The Legislature and most politicians tend to focus on the traditional economy based on minerals, timber and agriculture, Swanson said, but those facets of the economy are in decline everywhere in the West. They are an important part of the economy, he said, but they won't be driving the economy in 10 to 15 years.

That economy will be fueled by the sectors that have been booming in Billings for a decade or so - the health-care industry, business and professional services and "human resource-based jobs" in general.

He said people traditionally disdain "service" jobs in comparison with natural resource jobs, ignoring the fact that service jobs - which include everything from doctors and lawyers to engineers and communications workers - have made the Rocky Mountain West economy so strong.

But policymakers continue to place emphasis on natural resources and on doing something to help those parts of the state that have been in decline for decades.

"What's happening in Montana is we're focusing on the bottom of the chart," he said.

Swanson and Kemmis said the wiser course would be to stop relying on "top-down" economic development policy and allow the urban centers, on their own and working together, to develop customized plans that meet their needs and the needs of employers in each region.

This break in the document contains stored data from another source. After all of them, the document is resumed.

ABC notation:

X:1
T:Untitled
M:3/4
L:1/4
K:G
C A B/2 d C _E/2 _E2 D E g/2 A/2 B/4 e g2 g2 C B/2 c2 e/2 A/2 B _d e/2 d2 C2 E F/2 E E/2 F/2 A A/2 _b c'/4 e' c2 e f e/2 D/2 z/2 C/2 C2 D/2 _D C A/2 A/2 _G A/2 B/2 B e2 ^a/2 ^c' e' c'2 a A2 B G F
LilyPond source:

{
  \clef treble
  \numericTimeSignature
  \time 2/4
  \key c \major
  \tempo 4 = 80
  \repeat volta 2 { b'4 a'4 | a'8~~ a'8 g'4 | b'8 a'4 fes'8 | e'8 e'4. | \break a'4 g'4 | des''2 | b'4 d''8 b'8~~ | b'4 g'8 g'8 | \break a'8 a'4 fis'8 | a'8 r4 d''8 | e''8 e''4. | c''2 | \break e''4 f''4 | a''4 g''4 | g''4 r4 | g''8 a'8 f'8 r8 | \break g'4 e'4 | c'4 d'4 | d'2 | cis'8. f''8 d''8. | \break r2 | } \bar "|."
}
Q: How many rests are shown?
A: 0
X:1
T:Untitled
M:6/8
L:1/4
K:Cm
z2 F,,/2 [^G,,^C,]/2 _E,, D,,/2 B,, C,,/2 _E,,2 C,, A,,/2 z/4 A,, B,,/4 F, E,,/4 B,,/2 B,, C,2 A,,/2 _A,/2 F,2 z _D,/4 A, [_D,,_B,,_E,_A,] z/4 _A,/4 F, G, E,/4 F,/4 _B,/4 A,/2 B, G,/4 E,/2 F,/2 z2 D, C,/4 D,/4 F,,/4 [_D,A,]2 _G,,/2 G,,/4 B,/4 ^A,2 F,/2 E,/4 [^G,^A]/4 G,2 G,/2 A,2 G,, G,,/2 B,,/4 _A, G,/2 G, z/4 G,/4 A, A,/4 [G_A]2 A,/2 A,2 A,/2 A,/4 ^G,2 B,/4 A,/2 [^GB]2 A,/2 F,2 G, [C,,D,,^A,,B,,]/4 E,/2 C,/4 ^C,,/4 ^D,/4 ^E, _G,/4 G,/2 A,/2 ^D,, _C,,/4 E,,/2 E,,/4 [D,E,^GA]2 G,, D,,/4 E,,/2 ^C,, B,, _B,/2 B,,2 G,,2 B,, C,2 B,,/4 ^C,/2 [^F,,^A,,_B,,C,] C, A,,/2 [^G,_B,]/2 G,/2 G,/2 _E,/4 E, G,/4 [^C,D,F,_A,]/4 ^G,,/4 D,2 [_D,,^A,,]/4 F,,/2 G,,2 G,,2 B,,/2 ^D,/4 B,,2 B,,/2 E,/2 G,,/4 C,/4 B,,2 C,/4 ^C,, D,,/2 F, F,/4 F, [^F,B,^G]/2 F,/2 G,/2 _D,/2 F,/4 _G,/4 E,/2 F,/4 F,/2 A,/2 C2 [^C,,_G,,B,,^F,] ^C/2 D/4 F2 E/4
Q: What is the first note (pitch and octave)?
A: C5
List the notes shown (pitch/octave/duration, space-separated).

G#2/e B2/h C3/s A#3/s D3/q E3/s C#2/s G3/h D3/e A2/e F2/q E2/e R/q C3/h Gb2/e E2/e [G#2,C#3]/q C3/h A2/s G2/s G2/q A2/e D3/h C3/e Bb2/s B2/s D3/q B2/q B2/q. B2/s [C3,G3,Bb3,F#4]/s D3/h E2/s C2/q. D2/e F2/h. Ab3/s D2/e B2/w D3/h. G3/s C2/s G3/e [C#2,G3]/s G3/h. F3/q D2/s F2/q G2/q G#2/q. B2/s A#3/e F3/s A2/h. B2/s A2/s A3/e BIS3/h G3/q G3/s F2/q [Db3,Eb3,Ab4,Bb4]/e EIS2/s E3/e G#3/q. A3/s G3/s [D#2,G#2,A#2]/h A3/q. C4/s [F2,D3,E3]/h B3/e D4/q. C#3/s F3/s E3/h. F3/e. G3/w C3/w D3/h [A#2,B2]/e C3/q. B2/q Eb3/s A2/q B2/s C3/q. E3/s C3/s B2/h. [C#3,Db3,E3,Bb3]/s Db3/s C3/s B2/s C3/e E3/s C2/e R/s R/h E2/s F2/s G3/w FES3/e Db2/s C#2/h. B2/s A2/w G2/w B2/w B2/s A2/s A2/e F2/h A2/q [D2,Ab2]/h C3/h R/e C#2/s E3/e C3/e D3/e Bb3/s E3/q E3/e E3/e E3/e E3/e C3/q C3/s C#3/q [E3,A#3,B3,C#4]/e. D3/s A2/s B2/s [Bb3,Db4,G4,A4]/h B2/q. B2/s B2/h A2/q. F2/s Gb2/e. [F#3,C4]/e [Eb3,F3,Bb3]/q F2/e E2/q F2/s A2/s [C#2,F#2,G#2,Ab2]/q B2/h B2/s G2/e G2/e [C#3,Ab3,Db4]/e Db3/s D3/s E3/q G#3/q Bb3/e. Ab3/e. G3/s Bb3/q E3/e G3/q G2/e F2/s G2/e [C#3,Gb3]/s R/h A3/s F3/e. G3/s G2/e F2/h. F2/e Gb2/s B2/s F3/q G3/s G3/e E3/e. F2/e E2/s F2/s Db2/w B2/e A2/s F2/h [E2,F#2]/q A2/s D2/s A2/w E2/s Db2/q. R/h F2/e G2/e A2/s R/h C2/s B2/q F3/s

After Swanson made his presentation, the civic leaders broke into small groups and came up with ideas for what Billings should do to take advantage of demographic and economic trends. The conclusions of the five or six groups were quite similar.

Almost all of them listed tax reform as a priority, and several specified the need for the Legislature to grant local governments the right to ask their citizens to approve local-option sales taxes.

Other common themes were the need to tailor workforce training and education to meet the specific needs of existing and potential employers, the importance of bringing various organizations and interest groups together to work on economic growth and the need for long-range planning.